In matters related to Fairport Convention, the 40-year-old wellspring of the British folk-rock movement, it’s probably best to declare one’s biases at the outset. With that in mind, I’ll go on record as saying that my favorite Fairport albums are What We Did on Our Holidays and Unhalfbricking, and that both are among the most beautiful, engaging, and enduring records I’ve ever heard. I also think Liege and Lief, the much-vaunted classic on which the band made the great leap toward amplified traditional music, is mostly dull. As I see it, what made Fairport special was their eagerness to try out all kinds of music, singing Bob Dylan (in English and French), traditional ballads, and most especially their own compositions. Having a number of strong songwriters and vocalists made the group special, and the instrumental prowess of everyone on board was such that what should’ve seemed like a grab bag of musical styles came out sounding unified, powerful, and joyous.
Most distinctive among Fairport’s early members was Sandy Denny, who brought such songs as “Who Knows Where the Time Goes” and “Come All Ye” to the repertoire, and sang with a mixture of control and abandon in one of the more beautiful and clear voices in pop history. Denny’s departure after Liege and Lief to form Fotheringay — named for another of her fine original songs — ushered in a new era for Fairport and produced a sometimes brilliant, sometimes bland eponymous album by her new group.
Allow me to confess to two more biases. First, I’m just not that interested in Fairport post-Denny (even less so post-Richard Thompson), and I’ve never particularly loved Fotheringay. So it goes.
Fotheringay was plagued by two problems that early Fairport never had. One was that Fotheringay was considerably more polished and straightforward. Although the rhythm section deserves some of the blame for this, the primary source of blandness seems to be singer/songwriter/guitarist Trevor Lucas, who I also generally classify as problem number two. That Lucas was fond of conventional rock with a dash of country is not a problem in and of itself. The problem is that he doesn’t complement Sandy Denny very well at all.
Part of the appeal of Fairport was that so many personalities worked their way into the group. Fotheringay’s problem was that Denny’s only real foil was Lucas, who was simply no match for Richard Thompson, Ian Matthews, or Ashley Hutchings, much less the combination of the three. Lucas’s only lead vocals on the group’s first record were on his own “Ballad of Ned Kelly” and two covers (he also sang a duet with Denny). “Ned Kelly” is a competent rocker with a standout guitar solo from Jerry Donahue, whose style is occasionally reminiscent of Thompson’s. But the covers are pedestrian, and as a result Fotheringay is extremely uneven. The Denny tracks are much better, particularly “The Sea” and “Banks of the Nile”, and it’s fortunate that hers is the primary presence on the album.
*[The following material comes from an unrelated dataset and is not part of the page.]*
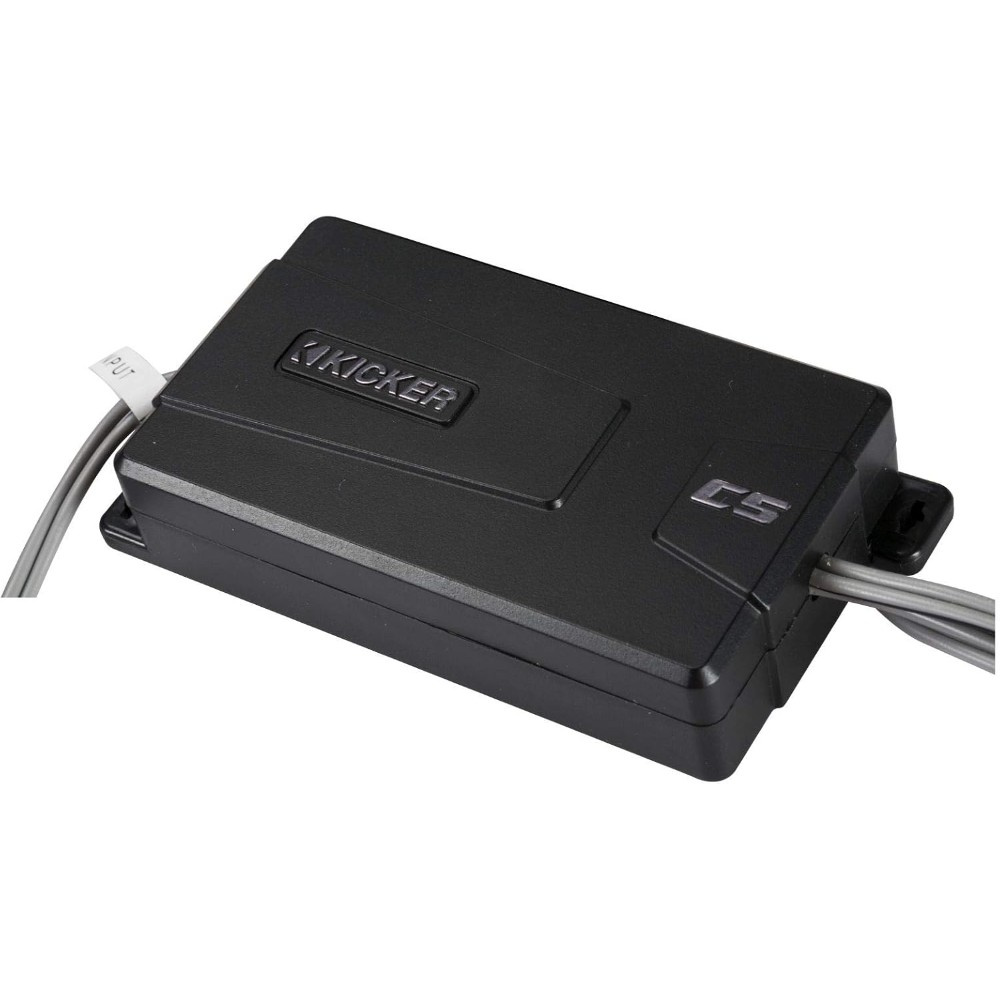 Kicker CS CSS654, 6.5 tommer komponentsystem, Par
Fotheringay’s record did well enough, but Denny left midway through the sessions for the follow-up, effectively breaking up the group. Fotheringay 2 remained incomplete until now, assembled by Jerry Donahue from backing tracks and vocal run-throughs. Taking into account the rough nature of what he had to work with, Fotheringay 2 sounds remarkably finished, and benefits from the alternating of Denny’s songs with Lucas’s.
On the surface, it’s evident that Denny wasn’t entirely on board, since she only composed two songs, “John the Gun” and “Late November”, both of which she would re-record for her solo debut. The version of “John the Gun” that opens Fotheringay 2, though, sounds anything but tentative. It’s a muscular performance, with a blazing contribution from Donahue and one of Denny’s best vocals. There’s also a saxophone solo, of all things, which is completely incongruous and shouldn’t work, but somehow does. Elsewhere, “Wild Mountain Thyme” gets off to a shaky start but turns out pretty, and “Silver Threads and Golden Needles” is simply beautiful.
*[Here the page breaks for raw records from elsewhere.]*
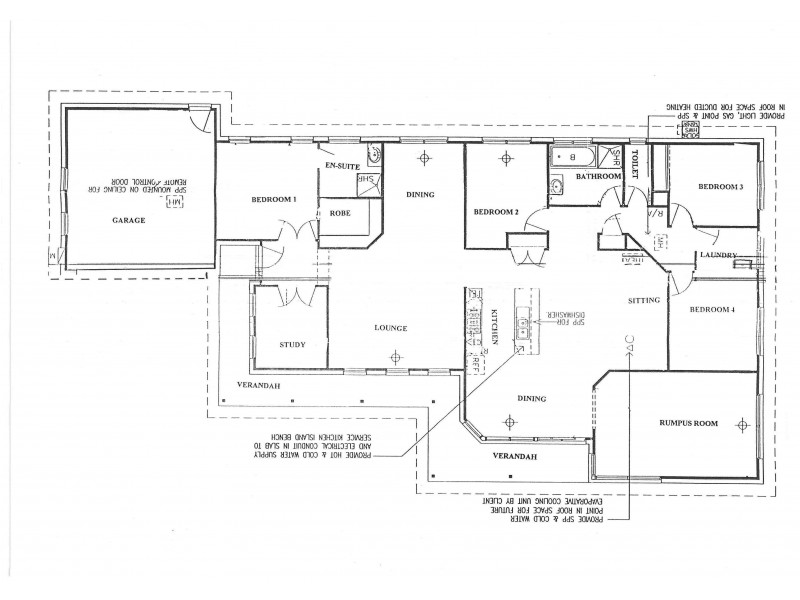 28 Moama Street, Mathoura NSW 2710 Floorplan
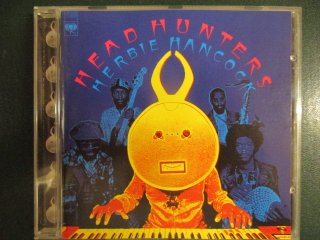  CD  Herbie Hancock  Head Hunters (( Jazz ))(( Chameleon / Watermelon Man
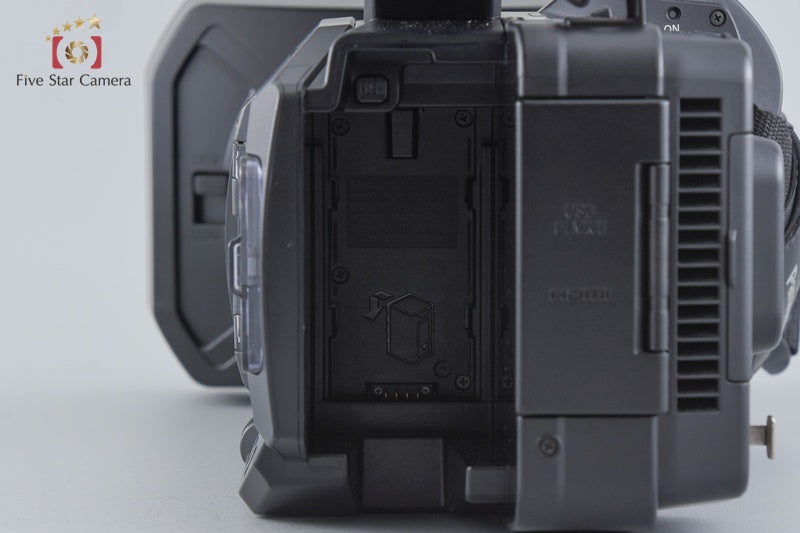 Panasonic AG-UX90 4K Full HD Video Camera (Japanese Language Only)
So it comes as something of a surprise that what allows this belated follow-up to hold together seems to be one Trevor Lucas. Although his cover of Dylan’s “I Don’t Believe You” is monotonous — I’d love to hear Denny tackle that one — Lucas’ other contributions show real improvement over his stuff from the debut. His songs still don’t have the emotional heft of Denny’s, but they have an easy charm. Even better than his originals is his take on the traditional “Bold Jack Donahue”. The moody, ominous guitar intro gets the Australian outlaw’s tale off to an appropriate start, and both singer and band keep things interesting for close to eight minutes. It’s probably his finest moment as a member of this band, and it would’ve made a great album closer. Instead, the weak “Two Weeks Last Summer”, a boring song which not even Sandy Denny can redeem, brings the Fotheringay story to its conclusion.
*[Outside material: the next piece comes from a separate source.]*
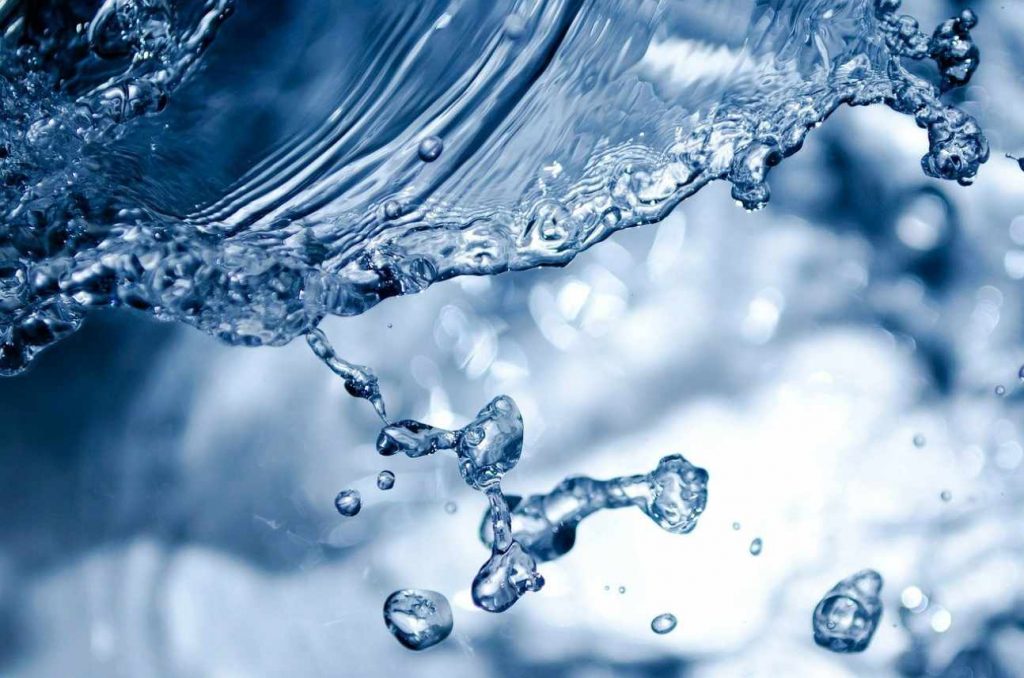 Generación de agua purificada por electrodesionización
The sour taste of “Two Weeks Last Summer” is really too bad, because Fotheringay 2 deserves a much better finale. Ultimately, a second Fotheringay album is little more than a footnote to the larger stories of Fairport Convention and British folk-rock, but a pleasant and lovingly-assembled footnote. It’s quite possibly better than their first album, and a worthwhile addition to any Fairport fan’s collection.